Modeling of RT relative to auditory condition

The auditory condition was used as a reference condition and auditory RTs were subtracted from visual RTs and from somatosensory RTs in both PDExp and PDFlip conditions. The resulting across-modality ∆RT curves were fitted with an exponential function of ‘go’ time:

$$f(t_{{\mathrm{go}}}) = a\;e^{b\;t_{{\mathrm{go}}}} + c$$
(19)

The condition-specific probability per ‘go’ time (PDExp or PDFlip) was used as weights in the fitting algorithm (ordinary least-squares in MATLAB’s fit function, Fig. 5a).
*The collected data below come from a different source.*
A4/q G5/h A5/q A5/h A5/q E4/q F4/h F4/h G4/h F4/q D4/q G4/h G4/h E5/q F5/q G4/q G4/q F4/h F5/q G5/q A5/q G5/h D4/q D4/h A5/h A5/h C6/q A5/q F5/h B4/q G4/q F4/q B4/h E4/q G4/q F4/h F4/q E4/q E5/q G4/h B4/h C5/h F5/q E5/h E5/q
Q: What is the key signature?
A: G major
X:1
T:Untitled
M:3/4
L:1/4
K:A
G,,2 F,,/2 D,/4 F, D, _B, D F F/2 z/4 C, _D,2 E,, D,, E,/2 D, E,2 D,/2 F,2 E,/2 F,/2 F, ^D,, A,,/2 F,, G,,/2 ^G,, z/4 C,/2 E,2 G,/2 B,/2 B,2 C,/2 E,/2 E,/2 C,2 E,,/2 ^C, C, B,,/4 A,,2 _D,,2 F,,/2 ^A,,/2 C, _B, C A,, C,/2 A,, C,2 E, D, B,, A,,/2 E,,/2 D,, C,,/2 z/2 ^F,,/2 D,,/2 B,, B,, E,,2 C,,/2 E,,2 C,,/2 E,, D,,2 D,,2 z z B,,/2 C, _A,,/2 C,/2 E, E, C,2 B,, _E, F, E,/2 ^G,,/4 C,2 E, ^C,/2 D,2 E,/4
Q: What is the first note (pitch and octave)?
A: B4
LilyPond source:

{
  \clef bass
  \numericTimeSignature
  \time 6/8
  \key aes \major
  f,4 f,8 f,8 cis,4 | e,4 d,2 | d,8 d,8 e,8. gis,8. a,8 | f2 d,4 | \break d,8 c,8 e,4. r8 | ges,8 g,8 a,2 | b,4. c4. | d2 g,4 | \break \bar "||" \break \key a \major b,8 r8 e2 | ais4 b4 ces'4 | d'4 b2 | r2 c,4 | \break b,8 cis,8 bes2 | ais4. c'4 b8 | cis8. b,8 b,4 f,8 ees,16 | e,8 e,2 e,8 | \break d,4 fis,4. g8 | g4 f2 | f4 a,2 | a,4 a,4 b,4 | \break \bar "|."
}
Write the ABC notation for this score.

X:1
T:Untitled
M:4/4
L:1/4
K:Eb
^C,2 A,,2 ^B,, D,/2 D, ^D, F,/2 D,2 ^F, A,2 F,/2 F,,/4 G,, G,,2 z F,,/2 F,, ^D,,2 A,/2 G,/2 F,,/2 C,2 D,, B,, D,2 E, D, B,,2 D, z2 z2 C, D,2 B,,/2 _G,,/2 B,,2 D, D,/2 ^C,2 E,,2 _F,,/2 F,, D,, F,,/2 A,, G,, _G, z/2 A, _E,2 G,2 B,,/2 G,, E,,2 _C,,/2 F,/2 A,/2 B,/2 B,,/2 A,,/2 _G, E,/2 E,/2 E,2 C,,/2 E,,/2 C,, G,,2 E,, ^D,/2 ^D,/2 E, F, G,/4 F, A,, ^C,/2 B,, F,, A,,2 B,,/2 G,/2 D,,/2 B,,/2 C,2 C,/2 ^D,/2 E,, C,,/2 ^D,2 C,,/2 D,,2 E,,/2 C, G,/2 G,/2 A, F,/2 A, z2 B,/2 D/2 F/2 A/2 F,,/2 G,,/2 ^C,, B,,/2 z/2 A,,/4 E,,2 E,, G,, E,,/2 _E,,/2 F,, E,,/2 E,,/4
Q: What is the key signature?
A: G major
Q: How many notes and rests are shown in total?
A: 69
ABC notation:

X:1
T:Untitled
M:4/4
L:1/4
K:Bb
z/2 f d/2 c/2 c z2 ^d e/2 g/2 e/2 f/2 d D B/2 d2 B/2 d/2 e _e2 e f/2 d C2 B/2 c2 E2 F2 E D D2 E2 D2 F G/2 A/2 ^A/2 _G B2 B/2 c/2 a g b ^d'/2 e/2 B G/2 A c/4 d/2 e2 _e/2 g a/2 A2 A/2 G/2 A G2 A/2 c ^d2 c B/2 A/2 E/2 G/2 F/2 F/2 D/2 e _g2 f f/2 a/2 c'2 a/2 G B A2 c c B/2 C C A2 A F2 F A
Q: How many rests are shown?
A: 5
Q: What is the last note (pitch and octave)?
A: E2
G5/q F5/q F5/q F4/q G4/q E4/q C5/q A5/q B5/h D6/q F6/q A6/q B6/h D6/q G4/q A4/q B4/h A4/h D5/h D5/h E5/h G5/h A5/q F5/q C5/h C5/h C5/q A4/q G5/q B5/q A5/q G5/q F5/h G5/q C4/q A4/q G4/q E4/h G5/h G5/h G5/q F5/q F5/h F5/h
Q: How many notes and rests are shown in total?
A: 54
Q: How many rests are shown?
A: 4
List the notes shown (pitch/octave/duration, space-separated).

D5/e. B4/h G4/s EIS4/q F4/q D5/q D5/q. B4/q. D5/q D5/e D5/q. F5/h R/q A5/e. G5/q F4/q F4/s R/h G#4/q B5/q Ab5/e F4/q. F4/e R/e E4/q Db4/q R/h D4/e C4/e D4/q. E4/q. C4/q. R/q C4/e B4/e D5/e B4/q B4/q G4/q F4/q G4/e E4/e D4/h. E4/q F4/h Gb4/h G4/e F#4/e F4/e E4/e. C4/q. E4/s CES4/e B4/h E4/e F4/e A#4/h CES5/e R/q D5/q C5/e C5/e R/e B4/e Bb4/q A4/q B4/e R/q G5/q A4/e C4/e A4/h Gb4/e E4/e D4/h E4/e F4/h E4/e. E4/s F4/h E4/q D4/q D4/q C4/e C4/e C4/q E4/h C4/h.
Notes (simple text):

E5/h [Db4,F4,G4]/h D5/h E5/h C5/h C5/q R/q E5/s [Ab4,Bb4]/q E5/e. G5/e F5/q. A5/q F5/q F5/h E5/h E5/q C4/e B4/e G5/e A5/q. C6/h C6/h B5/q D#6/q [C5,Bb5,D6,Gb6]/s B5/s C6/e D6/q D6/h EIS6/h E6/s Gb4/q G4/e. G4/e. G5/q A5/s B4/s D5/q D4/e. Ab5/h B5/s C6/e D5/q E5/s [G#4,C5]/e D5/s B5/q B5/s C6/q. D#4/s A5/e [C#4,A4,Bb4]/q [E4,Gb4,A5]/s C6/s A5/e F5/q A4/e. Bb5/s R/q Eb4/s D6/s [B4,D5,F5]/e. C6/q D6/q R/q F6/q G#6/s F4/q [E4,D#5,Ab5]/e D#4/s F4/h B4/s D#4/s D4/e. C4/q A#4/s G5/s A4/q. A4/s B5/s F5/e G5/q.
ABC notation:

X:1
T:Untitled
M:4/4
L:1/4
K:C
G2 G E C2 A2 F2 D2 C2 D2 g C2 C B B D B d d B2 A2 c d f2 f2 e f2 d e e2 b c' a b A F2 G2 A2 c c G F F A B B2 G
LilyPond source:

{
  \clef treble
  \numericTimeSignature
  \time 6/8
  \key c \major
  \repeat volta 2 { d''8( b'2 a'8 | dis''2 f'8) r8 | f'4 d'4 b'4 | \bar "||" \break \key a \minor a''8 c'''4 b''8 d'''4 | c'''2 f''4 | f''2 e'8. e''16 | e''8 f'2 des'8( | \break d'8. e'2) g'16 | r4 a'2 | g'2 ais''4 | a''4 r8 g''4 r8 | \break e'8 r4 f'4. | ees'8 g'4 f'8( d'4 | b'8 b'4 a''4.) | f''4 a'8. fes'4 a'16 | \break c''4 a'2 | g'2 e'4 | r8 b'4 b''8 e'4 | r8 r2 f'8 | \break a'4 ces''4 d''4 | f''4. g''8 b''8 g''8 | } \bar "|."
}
Finally, a combined, additive model of RT was constructed based on the reciprocal, probabilistically-blurred PDF fitted to the auditory RT and the exponential model fitted to the across-modality ∆RT curves:

$$x_{{\mathrm{oppc}}}( {t_{{\mathrm{go}}}} ) = \frac{1}{{p_p( {t_{{\mathrm{go}}}} )}} + a\;e^{b\;t_{{\mathrm{go}}}} + c$$
(20)

Adjusted R2 was calculated to evaluate the goodness-of-fit of the combined, additive model (Fig. 5b).

Reporting summary

Further information on research design is available in the Nature Research Reporting Summary linked to this article.